A bill by Senator Mark DeSaulnier (D-Concord) to improve California’s fight against the prescription drug abuse epidemic passed the Senate Committee on Business, Professions, and Economic Development this week.
SB 1258 strengthens the Department of Justice’s Controlled Substance Utilization Review and Evaluation System (CURES). CURES allows authorized prescribers and pharmacists to quickly review controlled substance information and patient prescription history in an effort to identify and deter drug abuse and diversion.
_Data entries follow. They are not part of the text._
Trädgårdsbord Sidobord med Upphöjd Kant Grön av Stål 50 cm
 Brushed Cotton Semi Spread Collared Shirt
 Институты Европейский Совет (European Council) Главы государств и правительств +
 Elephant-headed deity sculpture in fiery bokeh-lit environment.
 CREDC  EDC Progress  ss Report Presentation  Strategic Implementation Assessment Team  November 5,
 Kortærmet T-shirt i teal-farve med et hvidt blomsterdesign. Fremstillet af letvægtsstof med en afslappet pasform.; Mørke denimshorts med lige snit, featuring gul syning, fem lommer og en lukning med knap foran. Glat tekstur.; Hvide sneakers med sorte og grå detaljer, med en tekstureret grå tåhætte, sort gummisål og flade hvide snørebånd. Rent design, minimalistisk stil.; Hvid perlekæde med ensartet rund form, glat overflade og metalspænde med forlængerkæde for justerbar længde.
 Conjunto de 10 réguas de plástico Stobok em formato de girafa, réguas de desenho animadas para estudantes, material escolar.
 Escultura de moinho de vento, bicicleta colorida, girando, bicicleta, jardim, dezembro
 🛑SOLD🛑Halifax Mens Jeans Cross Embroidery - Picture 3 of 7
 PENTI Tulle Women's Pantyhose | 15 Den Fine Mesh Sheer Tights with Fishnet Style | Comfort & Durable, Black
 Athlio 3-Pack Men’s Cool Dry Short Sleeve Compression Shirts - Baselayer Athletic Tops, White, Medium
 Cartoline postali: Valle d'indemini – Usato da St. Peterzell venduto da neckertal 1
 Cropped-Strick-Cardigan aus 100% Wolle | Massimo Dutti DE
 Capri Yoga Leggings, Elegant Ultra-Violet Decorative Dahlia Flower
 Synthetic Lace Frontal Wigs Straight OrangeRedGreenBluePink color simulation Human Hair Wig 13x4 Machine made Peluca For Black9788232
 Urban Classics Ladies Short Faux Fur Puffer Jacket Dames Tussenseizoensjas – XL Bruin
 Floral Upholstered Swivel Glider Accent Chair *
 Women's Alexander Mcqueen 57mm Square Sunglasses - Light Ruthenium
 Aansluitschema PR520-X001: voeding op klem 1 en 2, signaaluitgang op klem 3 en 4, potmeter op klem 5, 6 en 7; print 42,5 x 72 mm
SB 1258 builds upon the groundwork laid out in SB 809 (DeSaulnier), signed by the Governor last year, to provide essential funding to upgrade the CURES Prescription Drug Monitoring Program. SB 1258 includes improvements to expand electronic prescribing of controlled substances to reduce prescription pad fraud, establish stronger dispensing limits, track schedule V controlled substances using the CURES database, and allow designated investigators at the Department of Consumer Affairs access to the CURES data for purposes of investigations.
“Expanding electronic prescribing is the next step in the fight against prescription drug abuse,” Senator DeSaulnier said. “SB 1258 improves our ability to prevent prescription drug abuse before it is too late. The provisions in SB 1258 create safer prescription practices and increase the prescription narcotics tracked by CURES to help save lives.”
Prescription narcotic sales quadrupled between 1999 and 2010. With an increased prescribing of narcotics there has been a parallel increase in deaths, now four times what it was in 1999. Prescription drug overdoses now cause more deaths than cocaine and heroin combined.
In 2011, sales of painkillers in the United States reached $8.5 billion, and nonmedical use of prescription painkillers costs the United States more than $72.5 billion each year in direct health care costs. Sales of the nation’s two most popular prescription painkillers, oxycodone and hydrocodone, have skyrocketed over the last decade. In California, between 2000 and 2010, the per capita sales of oxycodone increased 372% and the per capita sales of hydrocodone increased 123%.
SB 1258 is now headed to the Senate Committee on Public Safety.